Lord Russel, C.J., said :
"I observe that in this case bail was
refused for the prisoner. It cannot be too strongly impressed on the,
magistracy of the country that bail is not to be withheld as a punishment, but
that the requirements as to bail are merely to secure the attendance of the
prisoner at trial." (R.v Rose-1898 18 Cox CC. 717; 67 LJQD 289 quoted in
The Granting of Bail', Mod. Law Rev. Vol. 81, Jan. 1968 p. 40, 48).
This theme was developed by Lord Russel of
Killowen C.J., when he charged the grand jury at Salisbury Assizes, 1899 :
it was the duty of magistrates to admit
accused persons to bail, wherever practicable, unless there were strong grounds
for supposing that such persons would not appear to take their trial. It was
not the poorer classes who did not appear, for their circumstances were such as
to tie them to the place where they carried on their work. They had not the
golden wings with which to fly from justice." [(1899) 63 J.P. 193, Mod.
Law, Rev. p. 49 ibid].
In Archbold it is stated that "The
proper test of whether bail should be granted or refused is whether it is
probable that the defendant will appear to take his trial....
The test should be applied by reference to
the following considerations :
(1) The nature of the accusation.
(2) The nature of the evidence in support of
the accusation.
(3) The severity of the punishment which
conviction will entail...
375 (4) Whether the sureties are independent,
or indemnified by the accused person. . . . . " (Mod. Law Rev. ibid. p.
53-Archbold, Pleading Evidence and Practice in Criminal Cases, 36th edn.,
London, 1966 para 203) Perhaps, this is an overly simplistic statement and we
must remember the constitutional focus in Art. 21 and 19 before following
diffuse observations and practices in the English system. Even in England there
is a growing awareness that the working of the bail system requires a second
look from the point of view of correct legal criteria and sound principles, as
has been pointed out by Dr. Bottomley. (The Granting of Bails : Principles and
Practices : Mod. Law Rev. ibid, p. 40 to 54).
Let us have a glance at the pros and cons and
the true principle around which other relevant factors must revolve.

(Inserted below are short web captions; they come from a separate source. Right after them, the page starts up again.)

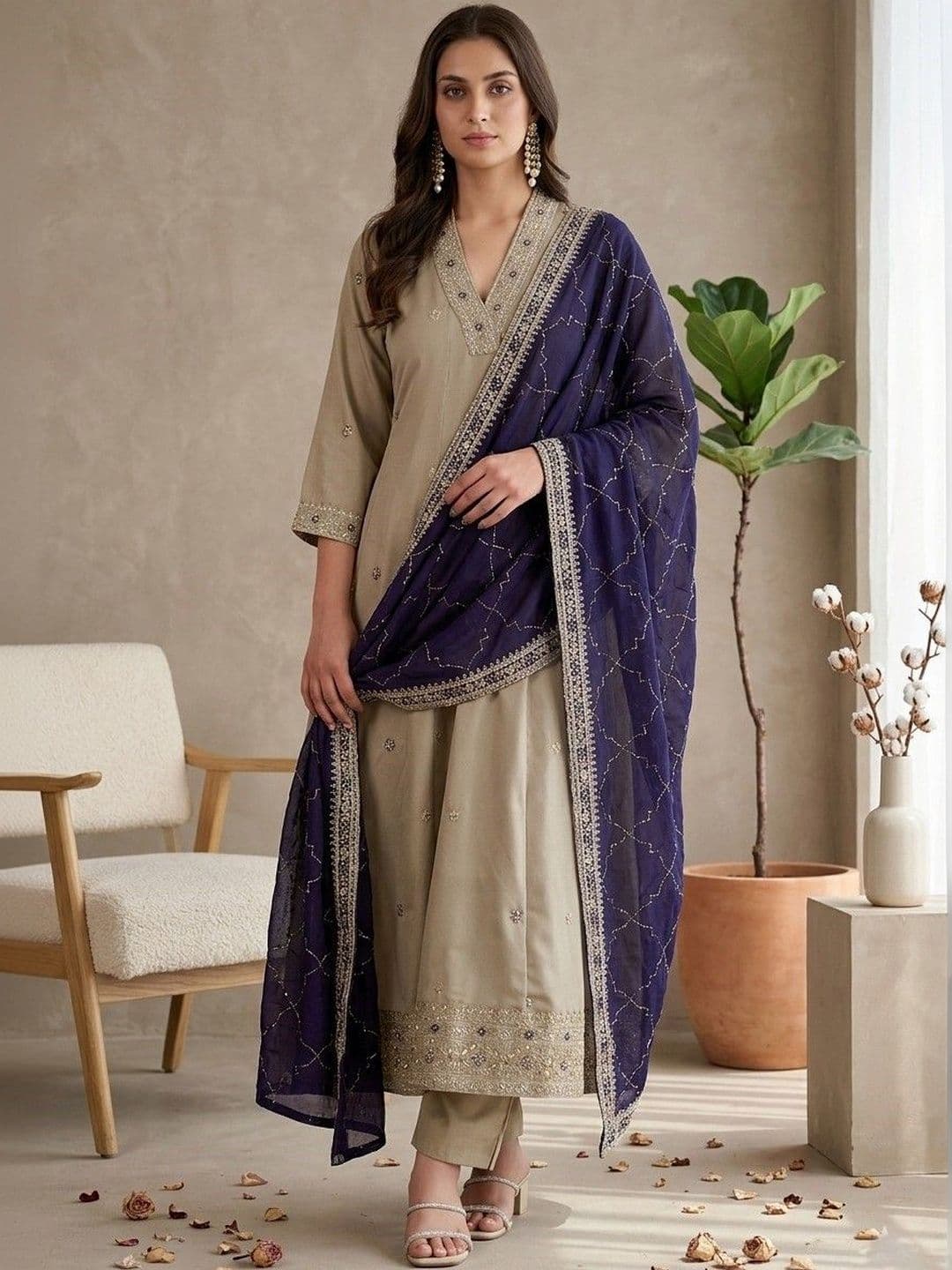 HERE&NOW Women Ethnic Motifs Embroidered Regular Sequinned Kurta with Trousers & With Dupatta - view 1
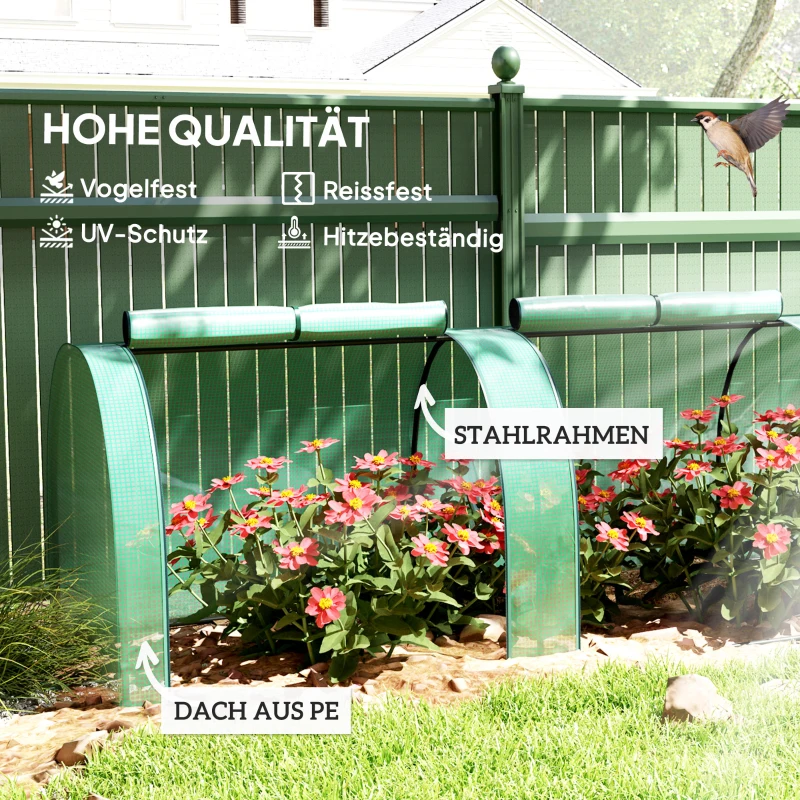 Outsunny Tunel foliowy, 4 okna na zamek błyskawiczny, stalowy stelaż, wytrzymały pokrowiec, 395 x 100 x 80 cm, Zielony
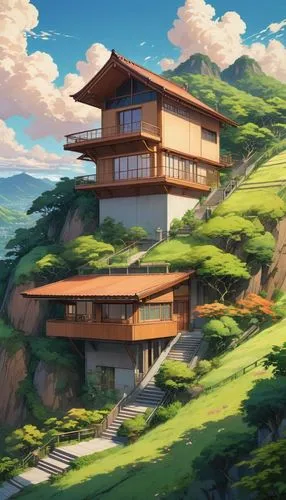 A detailed oil painting: a modern, minimalist house with four floors, brown wood, and a sloped roof, stands on a gentle slope. The warm-hued hill and greenery add warmth, while the composition's symme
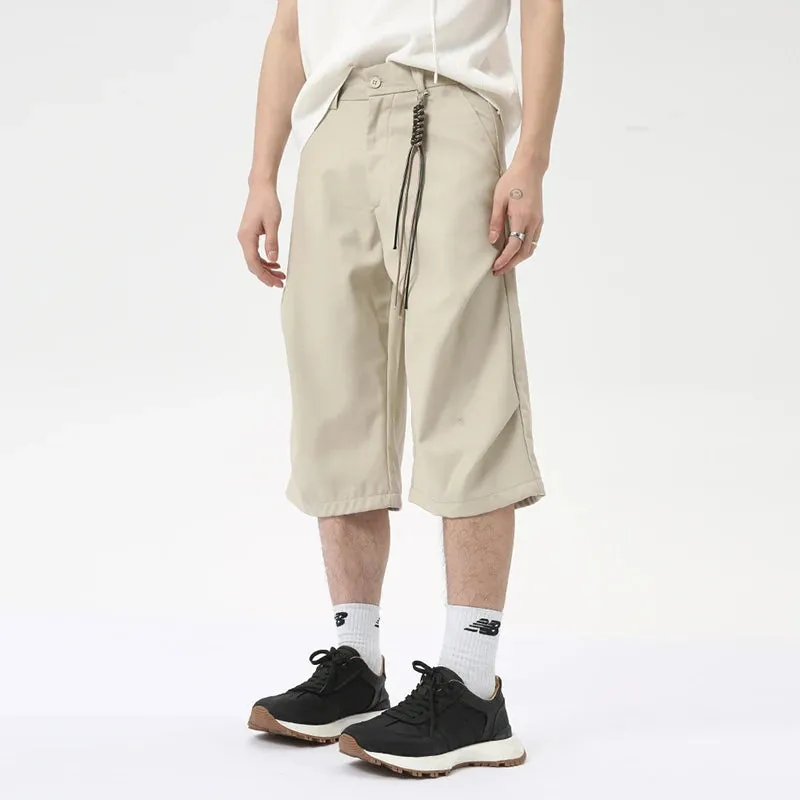 American Style Solid Color Men's Casual Shorts Straight Loose Wide Leg Male Sling Trousers New Trend Summer 9C6262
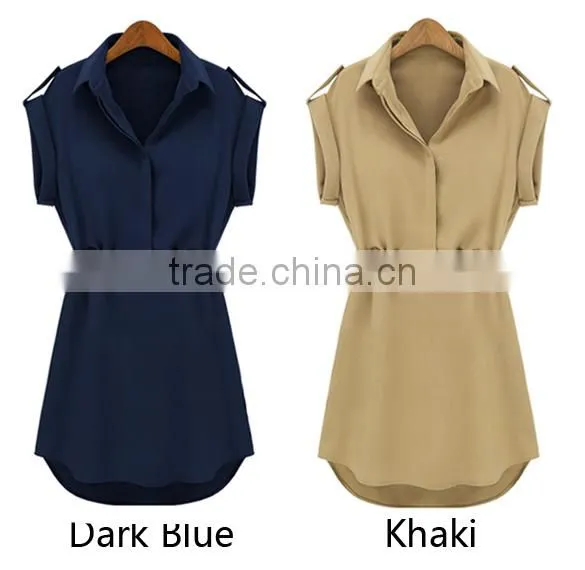 Onen Trade Assurance Instyles Summer Women Short Sleeve Shirt Style Chiffon Dresses for With Belt Plus Sizes 1455 Outlet f photo-2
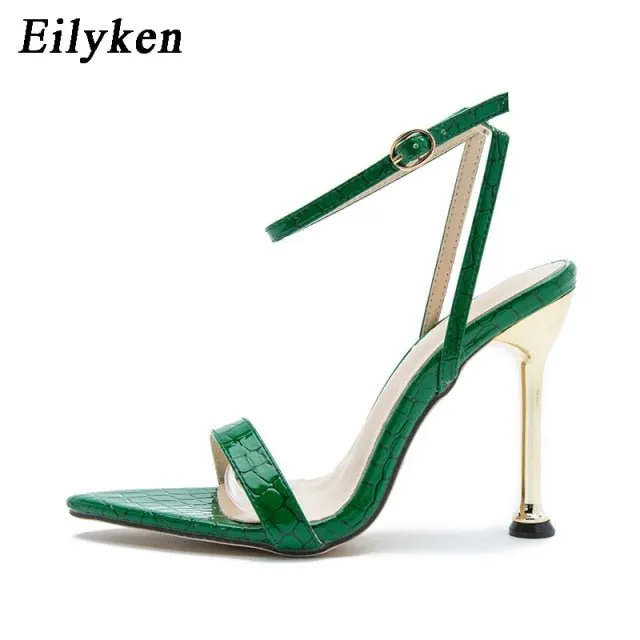 EILYKEN Envy Open Pointed Toe Super High Heel Ankle Strap Shoes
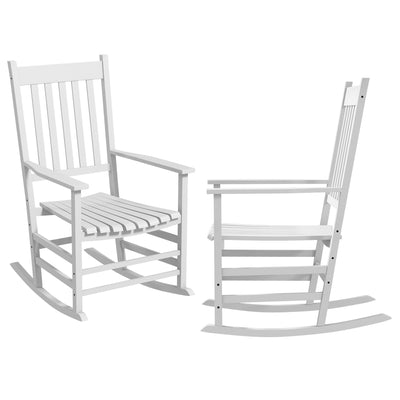 Outsunny Wooden Patio Rocking Chairs Set of 2, Outdoor Rocker Chairs with Wide Armrests, High Back for Garden, Balcony, White 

When the case is finally disposed of and a
person is sentenced to incarceration, things stand on a different footing. We
are concerned with the penultimate stage and the principal rule to guide
release on bail should be to secure the presence of the applicant who seeks to
be liberated, to take judgment and serve sentence in the event of the court
punishing him with imprisonment. In this perspective, relevance of considerations
is regulated by their nexus with the likely absence of the applicant for fear
of a severe sentence, if such be plausible in the case.
As Erle J. indicated, when the crime charged
(of which a conviction has been sustained) is of the highest magnitude and the
punishment of it assigned by law is of extreme severity, the court may
reasonably presume, some evidence warranting, that no amount of bail would
secure the presence of the convict at the stage of judgment, should he be
enlarged. (Mod. Law Rev. p. 50 ibid, 1852 I. E. & B. 1).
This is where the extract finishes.